Por mais de dez meses, os estudantes do programa internacional GAME (Abordagem Global por Experiências Modulares) no Instituto de Ciências Marinhas Kiel Leibniz (IFM-GEOMAR) vêm trabalhando em estudos sobre a estabilidade de comunidades marinhas. Exclusivo para a abordagem é a execução simultânea dos experimentos em vários países. Da Austrália à Finlândia, a rede global de dados se estende. Juntamente com seus supervisores científicos de Kiel, os jovens pesquisadores agora estão apresentando novas idéias sobre o curso das invasões no mar.

Impacto parcialmente altamente explosivo

O ponto de partida para o projeto incomum é uma questão central na ecologia de invasões: o que beneficia a transferência de espécies no mar e permite que elas se estabeleçam em ecossistemas estrangeiros? Embora os organismos marinhos presos não possam se mover por conta própria, eles ainda podem ser extremamente móveis. Por exemplo, quando são transportados como crescimento em cascos de navios por longas distâncias e, assim, chegam como novos organismos em novos habitats.

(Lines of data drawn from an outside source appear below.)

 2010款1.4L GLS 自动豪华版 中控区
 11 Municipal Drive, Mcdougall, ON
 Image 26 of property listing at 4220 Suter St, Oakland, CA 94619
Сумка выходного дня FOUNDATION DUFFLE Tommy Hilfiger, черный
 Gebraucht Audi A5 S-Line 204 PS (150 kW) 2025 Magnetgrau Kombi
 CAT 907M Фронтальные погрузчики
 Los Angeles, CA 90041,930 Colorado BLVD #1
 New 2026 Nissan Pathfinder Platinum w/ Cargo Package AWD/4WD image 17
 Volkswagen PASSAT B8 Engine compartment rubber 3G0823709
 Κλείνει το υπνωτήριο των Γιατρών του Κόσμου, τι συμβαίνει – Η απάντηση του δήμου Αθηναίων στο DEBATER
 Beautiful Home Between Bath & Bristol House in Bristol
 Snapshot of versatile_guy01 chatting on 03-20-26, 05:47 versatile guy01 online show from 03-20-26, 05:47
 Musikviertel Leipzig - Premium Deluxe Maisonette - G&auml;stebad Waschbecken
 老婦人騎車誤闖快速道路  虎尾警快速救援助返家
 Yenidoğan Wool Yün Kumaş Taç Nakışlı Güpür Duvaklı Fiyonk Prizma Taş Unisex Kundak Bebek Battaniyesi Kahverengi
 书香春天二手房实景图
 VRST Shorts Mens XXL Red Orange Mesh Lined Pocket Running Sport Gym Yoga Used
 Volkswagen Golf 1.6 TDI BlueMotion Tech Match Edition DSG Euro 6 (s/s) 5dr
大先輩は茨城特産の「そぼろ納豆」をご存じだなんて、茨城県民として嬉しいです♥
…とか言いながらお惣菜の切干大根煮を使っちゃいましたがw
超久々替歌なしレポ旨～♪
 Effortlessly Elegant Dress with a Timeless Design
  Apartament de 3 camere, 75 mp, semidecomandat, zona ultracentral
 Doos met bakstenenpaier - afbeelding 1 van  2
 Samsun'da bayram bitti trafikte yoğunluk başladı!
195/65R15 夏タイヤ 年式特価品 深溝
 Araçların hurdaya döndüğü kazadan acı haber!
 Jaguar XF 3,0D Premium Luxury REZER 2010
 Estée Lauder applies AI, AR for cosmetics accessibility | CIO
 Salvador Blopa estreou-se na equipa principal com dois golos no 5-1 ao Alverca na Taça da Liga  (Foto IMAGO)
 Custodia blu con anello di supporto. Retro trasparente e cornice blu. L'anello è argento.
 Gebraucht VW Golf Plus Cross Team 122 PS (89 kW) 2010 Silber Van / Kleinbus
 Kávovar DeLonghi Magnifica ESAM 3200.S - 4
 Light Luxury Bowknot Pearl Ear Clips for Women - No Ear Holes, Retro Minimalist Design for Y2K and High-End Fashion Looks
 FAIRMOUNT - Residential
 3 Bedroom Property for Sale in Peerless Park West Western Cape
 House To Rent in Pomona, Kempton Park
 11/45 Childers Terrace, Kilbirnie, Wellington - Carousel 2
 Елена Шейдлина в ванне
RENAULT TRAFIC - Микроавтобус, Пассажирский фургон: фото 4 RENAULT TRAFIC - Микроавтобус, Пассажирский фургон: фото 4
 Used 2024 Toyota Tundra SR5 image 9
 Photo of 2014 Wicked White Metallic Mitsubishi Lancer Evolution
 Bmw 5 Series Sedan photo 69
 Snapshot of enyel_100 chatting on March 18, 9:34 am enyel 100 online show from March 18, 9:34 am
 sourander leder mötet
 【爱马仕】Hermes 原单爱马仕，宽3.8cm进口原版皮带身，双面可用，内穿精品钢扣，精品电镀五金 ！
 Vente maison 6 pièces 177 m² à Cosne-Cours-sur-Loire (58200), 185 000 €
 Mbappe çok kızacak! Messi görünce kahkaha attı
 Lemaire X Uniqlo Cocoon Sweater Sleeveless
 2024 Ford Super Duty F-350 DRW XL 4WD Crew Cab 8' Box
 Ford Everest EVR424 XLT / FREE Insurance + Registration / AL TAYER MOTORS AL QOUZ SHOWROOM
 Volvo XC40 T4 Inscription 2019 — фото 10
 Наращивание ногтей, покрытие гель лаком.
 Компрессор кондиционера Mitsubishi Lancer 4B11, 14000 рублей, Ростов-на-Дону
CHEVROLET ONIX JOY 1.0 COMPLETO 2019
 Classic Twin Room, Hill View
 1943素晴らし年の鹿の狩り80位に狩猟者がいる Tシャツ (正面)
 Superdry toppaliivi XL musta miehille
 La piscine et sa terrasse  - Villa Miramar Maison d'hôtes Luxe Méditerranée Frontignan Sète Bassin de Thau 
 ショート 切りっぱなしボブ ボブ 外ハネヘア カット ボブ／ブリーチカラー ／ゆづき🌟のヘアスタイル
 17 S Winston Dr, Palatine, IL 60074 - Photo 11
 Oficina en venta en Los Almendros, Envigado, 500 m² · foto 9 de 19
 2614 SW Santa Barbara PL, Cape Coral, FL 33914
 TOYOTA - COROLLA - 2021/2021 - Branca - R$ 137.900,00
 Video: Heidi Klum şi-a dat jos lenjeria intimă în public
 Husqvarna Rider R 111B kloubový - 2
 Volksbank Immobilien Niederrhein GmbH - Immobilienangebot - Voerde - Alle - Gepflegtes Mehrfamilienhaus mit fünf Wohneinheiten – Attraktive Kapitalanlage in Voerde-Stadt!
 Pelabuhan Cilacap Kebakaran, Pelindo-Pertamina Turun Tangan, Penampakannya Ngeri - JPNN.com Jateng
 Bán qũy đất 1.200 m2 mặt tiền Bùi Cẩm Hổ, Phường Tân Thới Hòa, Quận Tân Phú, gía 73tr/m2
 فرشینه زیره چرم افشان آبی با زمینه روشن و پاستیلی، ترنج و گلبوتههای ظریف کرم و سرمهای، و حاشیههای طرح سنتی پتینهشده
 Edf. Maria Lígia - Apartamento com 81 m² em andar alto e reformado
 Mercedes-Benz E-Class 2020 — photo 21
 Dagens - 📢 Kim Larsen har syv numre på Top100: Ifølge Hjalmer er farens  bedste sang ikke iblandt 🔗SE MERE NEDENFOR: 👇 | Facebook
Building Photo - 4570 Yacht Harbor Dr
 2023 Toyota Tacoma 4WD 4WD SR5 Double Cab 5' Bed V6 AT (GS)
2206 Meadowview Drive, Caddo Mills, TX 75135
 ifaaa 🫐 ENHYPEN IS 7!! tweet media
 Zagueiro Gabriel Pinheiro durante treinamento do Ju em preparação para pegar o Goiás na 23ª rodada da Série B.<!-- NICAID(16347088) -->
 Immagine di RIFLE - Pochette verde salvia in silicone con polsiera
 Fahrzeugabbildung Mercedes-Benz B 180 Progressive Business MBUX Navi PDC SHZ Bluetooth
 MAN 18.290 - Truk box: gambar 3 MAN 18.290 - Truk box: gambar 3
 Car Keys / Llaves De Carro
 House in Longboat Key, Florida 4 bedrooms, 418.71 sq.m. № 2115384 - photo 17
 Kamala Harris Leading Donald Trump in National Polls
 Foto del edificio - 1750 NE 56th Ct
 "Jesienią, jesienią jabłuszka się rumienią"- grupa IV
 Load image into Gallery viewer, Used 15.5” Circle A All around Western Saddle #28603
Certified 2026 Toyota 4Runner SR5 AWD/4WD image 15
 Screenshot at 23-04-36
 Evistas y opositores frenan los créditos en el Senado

Às vezes, esse processo é explosivo, pois os efeitos da transferência geralmente são desconhecidos e podem causar danos ecológicos e econômicos. Um exemplo bem conhecido disso é o mexilhão de Dreissena, Dreissena polymorpha, que se origina dos afluentes dos mares Negro e Cáspio e, muitas vezes, acrescenta tubulações neste país. Quando as espécies imigrantes são particularmente competitivas, elas também podem substituir as espécies nativas.

Experiências em todo o mundo ao mesmo tempo

Se as espécies de uma comunidade estrangeira também podem se estabelecer a longo prazo no novo ecossistema depende em grande parte da estabilidade da comunidade. Em pesquisas sobre invasões biológicas, apenas espécies únicas ou mesmo suas larvas foram estudadas até o momento. Pela primeira vez, os cientistas do GAME pesquisaram comunidades inteiras de indivíduos adultos e reprodutores. display

Para obter um resultado significativo, como em todos os projetos GAME, os alunos fizeram seus experimentos simultaneamente em vários locais costeiros ao redor do mundo. Isso ocorreu de novembro de 2005 a abril de 2006 no Hemisfério Sul na Austrália, Brasil, Chile e Nova Zelândia e de maio a outubro de 2006 no Hemisfério Norte na Inglaterra, Finlândia, Japão, Malásia e Portugal.

Imigrantes versus habitantes locais

Os alunos analisaram a questão de saber se existe uma relação entre a estabilidade das chamadas comunidades em crescimento ou grupos de organismos sedentários e sua idade. Para isso, eles observaram quanto tempo os diferentes estágios de desenvolvimento dessas comunidades podem sobreviver em um novo local sem que sua estrutura e composição sejam alteradas.

Como uma abordagem experimental, os cientistas ancoraram anéis de PVC com placas de assentamento em águas rasas costeiras para cultivar comunidades. Após dois ou quatro meses, eles transferiram os anéis para um novo local com diferentes condições ambientais. Dessa forma, os jovens pesquisadores simularam o transporte de organismos marinhos por navios ou dirigindo M.A. Os anéis não foram deslocados por mais de dez quilômetros para evitar a transferência real de espécies através dos limites da distribuição.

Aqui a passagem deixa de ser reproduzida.